5. CRIMINAL LAW — Employee — Acting for Another — No Defense — Intentional. The fact that a person is acting as an employee of another constitutes no defense in a criminal prosecution where the individual charged intentionally violated the law.
6. WIRETAPPING AND EAVESDROPPING — Statute — Failure to State — Who — How — — Unconstitutionally Vague — Negative. Section 18-9-305(1), C.R.S. 1973 — which provides, in regard to the crime of wiretapping, that a person is not prevented from using wiretapping or eavesdropping devices on his own premises for security or business purposes if reasonable notice is given to the public — is not unconstitutionally vague in failing to delineate who has responsibility of giving such notice or in failing to state how such notice is to be given.
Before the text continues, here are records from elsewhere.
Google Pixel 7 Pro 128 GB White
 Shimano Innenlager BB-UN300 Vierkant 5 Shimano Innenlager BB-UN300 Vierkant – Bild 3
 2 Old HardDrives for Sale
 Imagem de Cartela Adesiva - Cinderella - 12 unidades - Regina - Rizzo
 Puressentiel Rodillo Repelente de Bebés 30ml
7. CONSTITUTIONAL LAW — Statute — Unconstitutional — Court — Means — Discover — Prohibited. Courts should not seek to discover means to hold a statute unconstitutional.
Appeal from the District Court of the City and County of Denver, Honorable Joseph R. Quinn, Judge.
J. D. MacFarlane, Attorney General, Jean E. Dubofsky, Deputy, Edward G. Donovan, Solicitor General, E. Ronald Beeks, Assistant, for plaintiff-appellee.
Pacheco Auer, Donald N. Pacheco, Alfred C. Harrell, Normando R. Pacheco, for defendant-appellant.
In 1971, Harold Northrup, president and sole stockholder of the Arvada Hardwood Floor Company, hired the defendant, Bernard A. ("Bud") McCauley, to place wiretaps on the phone lines of his company. The wiretaps were intended to be for "business security purposes." Pursuant to his contract with Northrup, the defendant directed the installation of several wiretaps, but did not place any signs on the premises or otherwise attempt to give any public notice that electronic listening devices had been installed. Northrup, likewise, did not provide notice of any kind. The testimony presented at the trial is in conflict as to whether the defendant actually relied upon Northrup to provide public notice. However, the uncontradicted testimony of all witnesses is that the wiretap was purposely installed at night so that the employees would not be aware of the surreptitious eavesdropping device.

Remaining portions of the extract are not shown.